__TASK DETAILS__
Repeat the lines of the data exactly and exclude any picture among them.

__DATA SHOWN__
Content starts

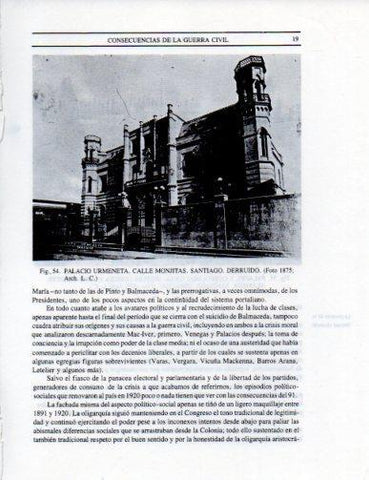 LAMINA V25276: Palacio Urmeneta en Santiago de Chile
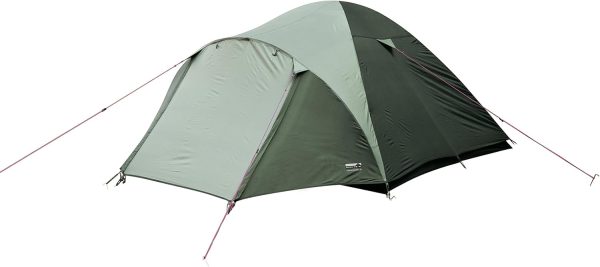 High Peak Kuppelzelt Nevada 4. Campingzelt mit Vorbau. Iglu-Zelt f??r 4 Personen. doppelwandig. wasserdicht. Ventilationssystem. Wetterschutz-Eingang. Moskitoschutz – Bild 2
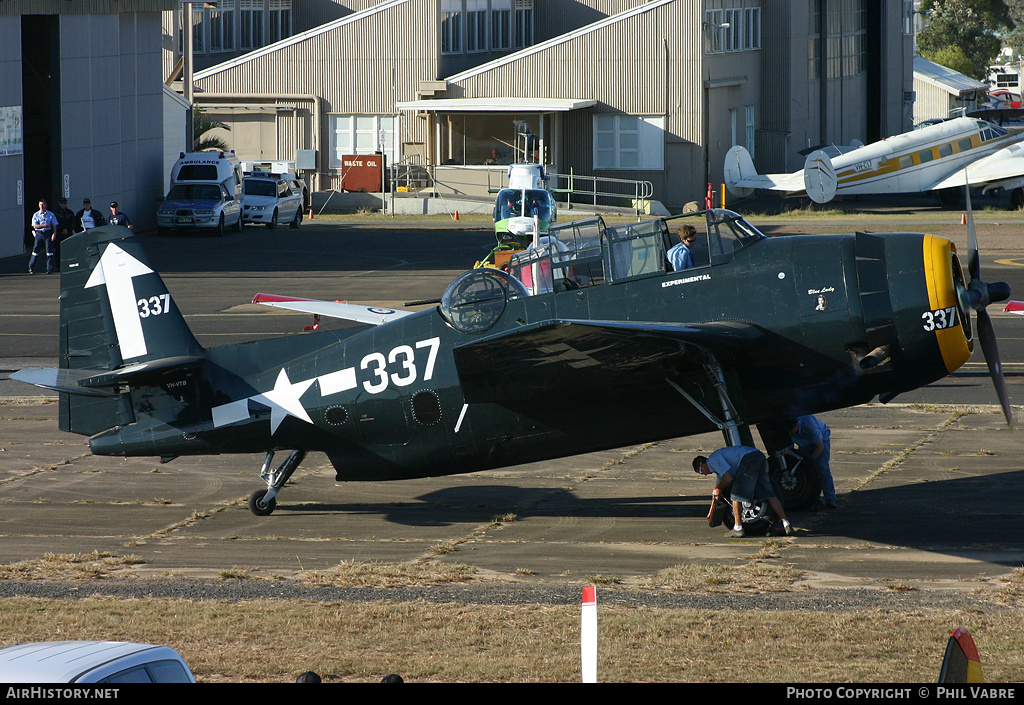 Aircraft Photo of VH-VTB | Grumman TBM-3S Avenger | USA - Navy | AirHistory.net #41099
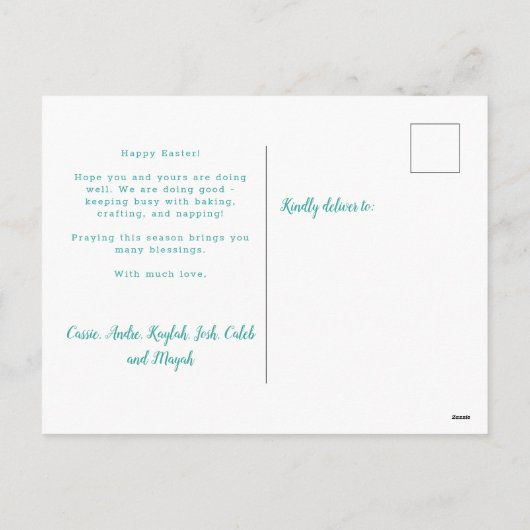 3十字フローライースター恵み写真 シーズンポストカード (裏面)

Content ends

__TASK OUTPUT__
 LAMINA V25276: Palacio Urmeneta en Santiago de Chile
 High Peak Kuppelzelt Nevada 4. Campingzelt mit Vorbau. Iglu-Zelt f??r 4 Personen. doppelwandig. wasserdicht. Ventilationssystem. Wetterschutz-Eingang. Moskitoschutz – Bild 2
 Aircraft Photo of VH-VTB | Grumman TBM-3S Avenger | USA - Navy | AirHistory.net #41099
 3十字フローライースター恵み写真 シーズンポストカード (裏面)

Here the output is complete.